Здесь он как бы идеально опьяняется самим собой. Если бы все девушки мира в это мгновение окружали его, он не представлял бы для них никакой опасности, ибо он здесь слишком силен, чтобы желать и далее обманывать их; даже многообразные наслаждения действительности теперь слишком ничтожны для него в сравнении с тем, чем он наслаждается внутри самого себя. Здесь окончательно проясняется смысл слов: сущность Дон Жуана — это музыка. Перед нами он проявляет себя в музыке, он развертывается в мир звуков. Кто‑то назвал эту арию «арией шампанского», и без сомнения, такое определение дает нам неплохое описание того, что происходит. Важно подчеркнуть, что она не стоит к Дон Жуану в каком‑то случайном отношении. Сама его жизнь такова, что пенится, как шампанское. И подобно тому как пузырьки всё поднимаются и поднимаются в этом вине по мере того, как оно кипит собственным жаром, — поднимаются, мурлыча собственную песенку, — так и страсть к наслаждению отзывается эхом в том стихийном кипении, каким является его жизнь. Стало быть, драматическую значимость этой арии придает вовсе не ситуация, а то, что основная тональность оперы здесь звучит и отзывается эхом внутри себя самой.

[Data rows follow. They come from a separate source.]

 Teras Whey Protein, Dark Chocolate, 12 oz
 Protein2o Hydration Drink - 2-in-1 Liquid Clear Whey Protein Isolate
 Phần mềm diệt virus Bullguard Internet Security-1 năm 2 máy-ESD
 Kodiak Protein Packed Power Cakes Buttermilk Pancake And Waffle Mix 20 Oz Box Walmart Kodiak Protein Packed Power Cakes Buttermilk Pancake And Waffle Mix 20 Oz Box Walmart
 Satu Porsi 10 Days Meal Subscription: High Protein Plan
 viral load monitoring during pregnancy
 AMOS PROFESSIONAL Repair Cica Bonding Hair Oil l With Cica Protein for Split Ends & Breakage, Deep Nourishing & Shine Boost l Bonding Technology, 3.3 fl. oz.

Несущественное послесловие

Еслиокажется, что вышеизложенное разъяснение действительно верно, я смогу снова вернуться к своей излюбленной теме — к тому, что Моцартов«Дон Жуан»должен стоять превыше всего среди прочих классических произведений; тогда я снова возрадуюсь счастью Моцарта, счастью, которое поистине достойно зависти как само по себе, так и оттого, что оно, в свою очередь, делает счастливыми тех, кто хотя бы отчасти прикоснулся к этому счастью. Я, по крайней мере, чувствую себя несказанно счастливым, поскольку сумел хотя бы отдаленно приблизиться к пониманию Моцарта и к представлению о его счастье. Сколь же счастливы те, кто понял его в совершенстве, — насколько более счастливыми должны чувствовать себя они вместе с подлинным счастливым гением[263].